Dix ans. Une décennie de fermeté, de forte reprise des villes, de pouvoir confiné à de puissants alliés. Dix années balayées presque d’un geste de la main. La prise rapide d’Alep par les rebelles syriens associés aux islamistes extrémistes de Hayat Tahrir al-Sham (HTS) la semaine dernière a brutalement fragilisé le régime de Bachar al-Assad, resté à la tête de l’État depuis le début de la guerre civile en 2011. Depuis, l’affaiblissement du pouvoir du président s’est confirmé, avec la prise de Hama ce jeudi.

« La reconquête d’Alep est un tournant dans le conflit », reconnaît Bayram Balci, chercheur au Ceri Sciences po Paris. La guerre civile, débutée en 2011 au cœur du Printemps arabe, a tourné en faveur de Bachar al-Assad en 2015 avec le soutien de la Russie, aidée également par l’irruption dans le conflit de l’État islamique. Alep, deuxième ville du pays et cœur économique de la Syrie, a été prise par le régime en 2016 et a continué de progresser les années suivantes.

Une opposition plus « mature »

Depuis trois ans, le front n’avait pas évolué, le régime syrien ne parvenant pas à faire tomber les bastions rebelles. Et cette opposition a profité de ce - pour se renforcer. « Les deux acteurs importants dans la prise d’Alep sont le HTS et les rebelles de l’Armée nationale syrienne, soutenus par la Turquie », précise Bayram Balci. Deux groupes marqués par leur rapport à l’islam : « un islam radical pour HTS, qui a pourtant rompu avec Al-Qaïda », et un islam « laïc, moins radical » du côté des rebelles.

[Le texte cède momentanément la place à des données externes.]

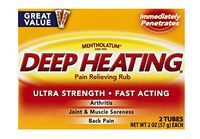 Deep Heating  Pain Relieving Rub, Extra Strength, 2-Ounce (57 g) (Pack of 6)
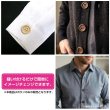 画像6: ウッドボタン【ダークブラウン】18mm 8個入 丸型 四つ穴 ラウンドリム 木製 手芸 服飾 付け替え きらきらぷんぷん丸 B-1664 (6)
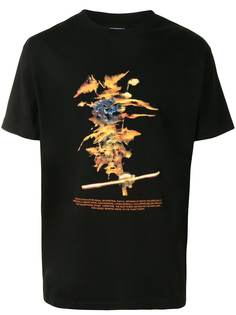 Marcelo Burlon County of Milan футболка с цветочным принтом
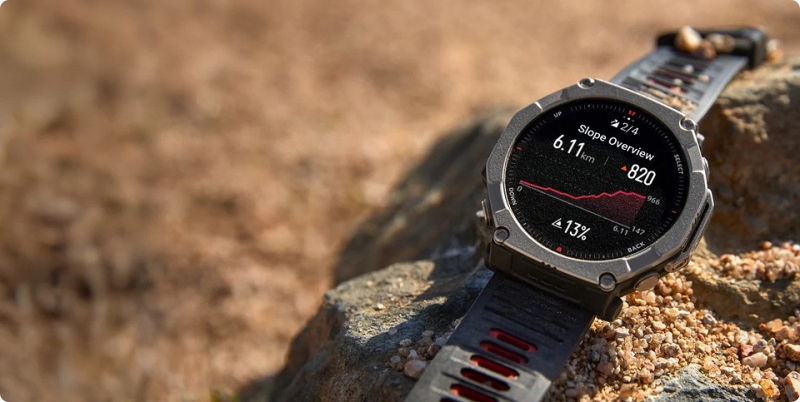Вышли самые мощные смарт-часы Amazfit T-Rex Ultra 2 с титановым корпусом, GPS и фонариком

Ces derniers « ont mûri et tiré les leçons du passé », souligne le chercheur.

Dans la région d’Alep, les civils fuyant le conflit n’ont pas été pris pour cible par les rebelles. “Il n’y a aucun abus contre les minorités chrétienne et kurde”, note Bayram Balci. Car les rebelles n’ont qu’un seul objectif : combattre Bachar al-Assad. “Le but de la révolution est de renverser ce régime”, a confirmé ce vendredi à CNN Abou Mohammed al-Jolani, le leader du HTS. Après Alep, Hama tombe, ouvrant la route de Homs, avant Damas. Mais les rebelles pourraient tarder. « Trop diffuser pourrait les fragiliser », prévient Bayram Balci.

Bachar al-Assad, seul au monde ?

Le moment de cette avancée coïncide avec les difficultés de l’Iran et du Hezbollah contre Israël et de la Russie contre l’Ukraine. Alliés de Bachar al-Assad. Mais si « la Russie n’a pas les moyens d’aider Bachar à reprendre Alep », l’aviation russe pourrait encore « bombarder massivement Idlib pour forcer les rebelles à y retourner ». Un acte « irresponsable et criminel » qui pourrait toutefois envenimer les relations entre la Turquie, soutien aux rebelles, et le Kremlin.

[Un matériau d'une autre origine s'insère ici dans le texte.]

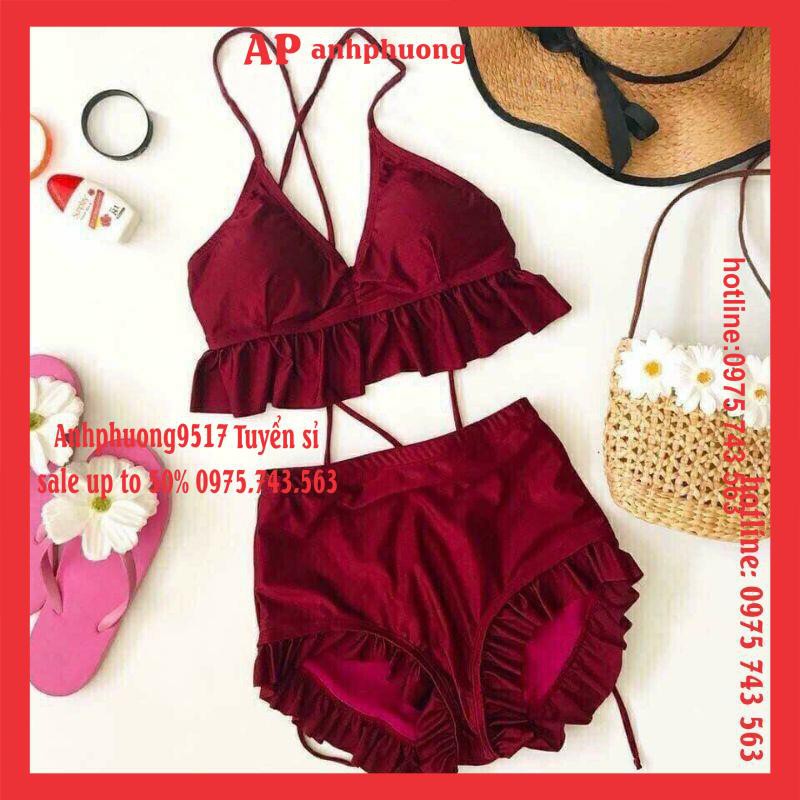[MÃ ANHP12999 GIẢM 3000 ĐƠN 99K]Bộ Đồ Bơi Đi Biển Bánh Bèo Tiểu Thư VINTAGE♥️Bikini Hai Mảnh HÀNG LUÔN CÓ SẴN TẠI SHOP | BigBuy360 - bigbuy360.vn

Alors, sur qui Bachar al-Assad peut-il compter ? Le Hezbollah, épuisé par le conflit avec Israël, profite du cessez-le-feu pour se reconstruire. L’Iran ne semble plus en mesure d’intervenir. Désormais, « c’est la Turquie qui est en position de force », affirme Bayram Balci. Ankara vient d’annoncer une rencontre avec la Russie et l’Iran au sujet de la Syrie, qui se tiendra ce samedi à Doha.

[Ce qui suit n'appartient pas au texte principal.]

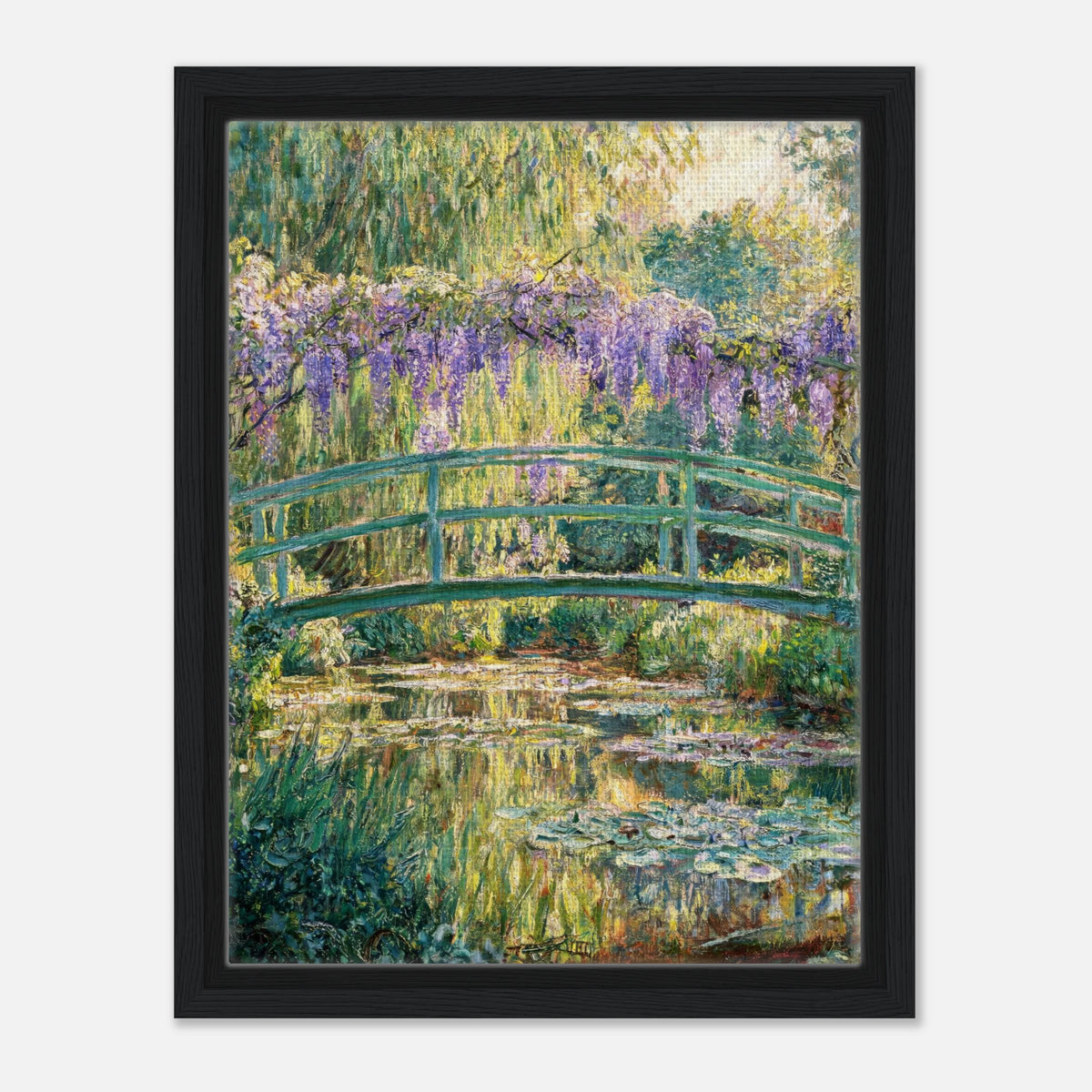 Wisteria & Japanese Bridge Impressionist Art Print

La carte de la Syrie du futur

Sur le terrain, les forces gouvernementales continuent de se retirer, abandonnant du matériel. « Dans le pire des cas pour lui, Bachar al-Assad pourrait perdre Homs et se retrouver à la tête d’un tout petit Etat alaouite, la minorité dont il est issu, sur la côte », dessine Bayram Balci. Mais il ne renoncera pas à son poste, lui qui « a toujours été incapable de négocier ». Le reste de la Syrie sera donc sans lui.

Notre dossier sur la guerre civile en Syrie

«La fragmentation va durer encore des années», prévient le chercheur. Dans une grande partie du sud, les rebelles sunnites, « qui représentaient 80 % de la population et ont été chassés par Bachar », vont devoir s’implanter durablement. Au nord, les zones contrôlées par les milices kurdes pourraient rester en place. Les forces kurdes syriennes ont également indiqué ce vendredi s’être déployées dans des zones de l’Est auparavant tenues par les forces gouvernementales, à Deir Ezzor. A partir de là, « les sunnites négocieront-ils une confédération avec les Kurdes ? » La réponse ne sera probablement pas connue avant des années, et nécessite une nouvelle stabilisation du conflit.